In determining what damages the plaintiffs are entitled to recover, the inquiry is, What does the evidence show the contract was worth to the plaintiffs when the defendant breached it, considering their rights as agents to sell these lands under its provisions and their rights as optionees to purchase the land ? We find the evidence is too vague and indefinite for ascertaining with reasonable certainty what damages, if any, the plaintiffs suffered by being deprived of their right to continue selling these lands throughout the contract period.
“An option is not a sale. It is a right of election in the party taking the same to exercise a privilege, and only when that privilege has become exercised by acceptance in the manner specified in the agreement does it become an absolute contract, binding upon both parties. It is simply a contract by which the owner of property agrees with another person that he shall have the right to buy his property at a fixed price within a certain time.

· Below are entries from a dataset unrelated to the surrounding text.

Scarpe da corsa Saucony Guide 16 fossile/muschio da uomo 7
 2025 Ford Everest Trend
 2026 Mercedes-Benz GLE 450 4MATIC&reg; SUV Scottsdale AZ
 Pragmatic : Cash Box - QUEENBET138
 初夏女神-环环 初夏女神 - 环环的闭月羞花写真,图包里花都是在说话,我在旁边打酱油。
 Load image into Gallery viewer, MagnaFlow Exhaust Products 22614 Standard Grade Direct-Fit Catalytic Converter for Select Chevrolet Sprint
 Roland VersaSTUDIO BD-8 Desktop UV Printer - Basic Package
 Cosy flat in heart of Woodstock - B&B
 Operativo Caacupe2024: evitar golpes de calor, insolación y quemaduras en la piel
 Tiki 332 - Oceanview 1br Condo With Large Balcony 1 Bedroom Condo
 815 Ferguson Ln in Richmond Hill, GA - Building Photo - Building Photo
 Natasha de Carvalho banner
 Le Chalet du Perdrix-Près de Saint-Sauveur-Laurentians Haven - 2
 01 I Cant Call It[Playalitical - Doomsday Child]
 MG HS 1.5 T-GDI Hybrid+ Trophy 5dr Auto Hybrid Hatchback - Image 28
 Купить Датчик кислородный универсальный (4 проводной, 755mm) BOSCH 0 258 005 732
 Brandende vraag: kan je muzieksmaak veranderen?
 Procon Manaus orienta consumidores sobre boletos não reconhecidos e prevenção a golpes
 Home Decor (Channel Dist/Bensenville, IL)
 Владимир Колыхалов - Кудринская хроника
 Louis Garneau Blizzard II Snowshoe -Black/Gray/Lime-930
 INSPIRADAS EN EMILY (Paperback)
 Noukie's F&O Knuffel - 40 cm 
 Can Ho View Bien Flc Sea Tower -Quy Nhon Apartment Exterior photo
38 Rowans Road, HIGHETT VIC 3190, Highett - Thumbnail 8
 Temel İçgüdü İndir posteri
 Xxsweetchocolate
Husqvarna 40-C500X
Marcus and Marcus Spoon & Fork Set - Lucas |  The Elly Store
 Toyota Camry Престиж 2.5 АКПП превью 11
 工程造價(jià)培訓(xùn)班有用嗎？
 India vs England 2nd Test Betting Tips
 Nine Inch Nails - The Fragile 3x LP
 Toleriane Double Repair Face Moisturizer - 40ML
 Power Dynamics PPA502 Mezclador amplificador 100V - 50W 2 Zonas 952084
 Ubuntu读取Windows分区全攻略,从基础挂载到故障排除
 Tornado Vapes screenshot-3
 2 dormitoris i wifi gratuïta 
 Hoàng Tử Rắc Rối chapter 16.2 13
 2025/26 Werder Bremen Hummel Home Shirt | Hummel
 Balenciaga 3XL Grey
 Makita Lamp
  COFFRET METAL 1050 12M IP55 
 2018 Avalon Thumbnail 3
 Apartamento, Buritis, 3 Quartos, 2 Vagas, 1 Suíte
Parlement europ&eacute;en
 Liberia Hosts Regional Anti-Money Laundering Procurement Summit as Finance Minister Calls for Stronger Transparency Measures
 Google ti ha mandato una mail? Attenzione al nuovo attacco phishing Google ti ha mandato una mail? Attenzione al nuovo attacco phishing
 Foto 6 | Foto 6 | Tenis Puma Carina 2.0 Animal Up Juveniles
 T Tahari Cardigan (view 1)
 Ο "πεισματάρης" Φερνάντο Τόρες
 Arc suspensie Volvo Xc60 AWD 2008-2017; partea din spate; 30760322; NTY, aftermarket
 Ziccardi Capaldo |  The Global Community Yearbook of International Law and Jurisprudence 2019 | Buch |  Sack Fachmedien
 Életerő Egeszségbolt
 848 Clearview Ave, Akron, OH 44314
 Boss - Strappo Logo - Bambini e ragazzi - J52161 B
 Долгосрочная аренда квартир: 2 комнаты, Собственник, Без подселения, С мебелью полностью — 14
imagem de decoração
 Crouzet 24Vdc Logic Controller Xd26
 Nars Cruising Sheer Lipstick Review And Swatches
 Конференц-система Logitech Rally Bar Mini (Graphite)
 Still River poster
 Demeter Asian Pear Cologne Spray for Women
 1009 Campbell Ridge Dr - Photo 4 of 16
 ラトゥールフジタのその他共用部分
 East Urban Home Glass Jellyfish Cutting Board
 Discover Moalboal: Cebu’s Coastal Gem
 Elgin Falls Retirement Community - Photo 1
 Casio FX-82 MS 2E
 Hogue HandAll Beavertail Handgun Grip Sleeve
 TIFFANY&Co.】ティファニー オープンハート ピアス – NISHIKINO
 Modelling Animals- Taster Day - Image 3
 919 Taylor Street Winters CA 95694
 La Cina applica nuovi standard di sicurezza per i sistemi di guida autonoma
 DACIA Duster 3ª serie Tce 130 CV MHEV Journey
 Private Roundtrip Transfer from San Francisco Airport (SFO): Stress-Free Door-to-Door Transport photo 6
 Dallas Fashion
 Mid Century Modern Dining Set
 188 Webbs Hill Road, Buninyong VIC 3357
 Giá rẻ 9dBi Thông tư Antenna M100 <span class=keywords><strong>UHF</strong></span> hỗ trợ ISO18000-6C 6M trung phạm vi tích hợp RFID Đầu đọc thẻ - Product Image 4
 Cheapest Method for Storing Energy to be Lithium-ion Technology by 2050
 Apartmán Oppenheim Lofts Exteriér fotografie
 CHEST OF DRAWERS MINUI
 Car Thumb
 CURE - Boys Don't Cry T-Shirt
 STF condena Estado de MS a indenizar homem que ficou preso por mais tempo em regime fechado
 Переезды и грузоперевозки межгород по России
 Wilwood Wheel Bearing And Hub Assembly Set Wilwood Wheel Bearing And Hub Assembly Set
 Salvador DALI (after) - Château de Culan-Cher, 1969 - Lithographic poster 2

Ry such an agreement he does not sell his land, nor does he at that time enter into an absolute contract to sell and convey, but he does agree to sell something ; that is, the right or privilege to buy at the election or option of the party with whom the agreement is made. The optionee under such an agreement takes, not lands, nor even an absolute agreement that he shall have lands conveyed to him, but he does get something of value; that is, the right to call for a conveyance of the lands if he elects to purchase in the manner specified. ... It is a unilateral agreement containing the terms and conditions upon which the optionor agrees to sell and convey his land not yet ripened into an absolute contract to sell and convey on one side and to purchase and pay on the other.”
By the Court. — The judgment appealed from is modified on the plaintiffs’ appeal by striking out the words “six cents” and inserting in lieu thereof the following: “twelve thousand three hundred and nine dollars,” and as so modified is affirmed ; and that the defendant have nothing on its appeal.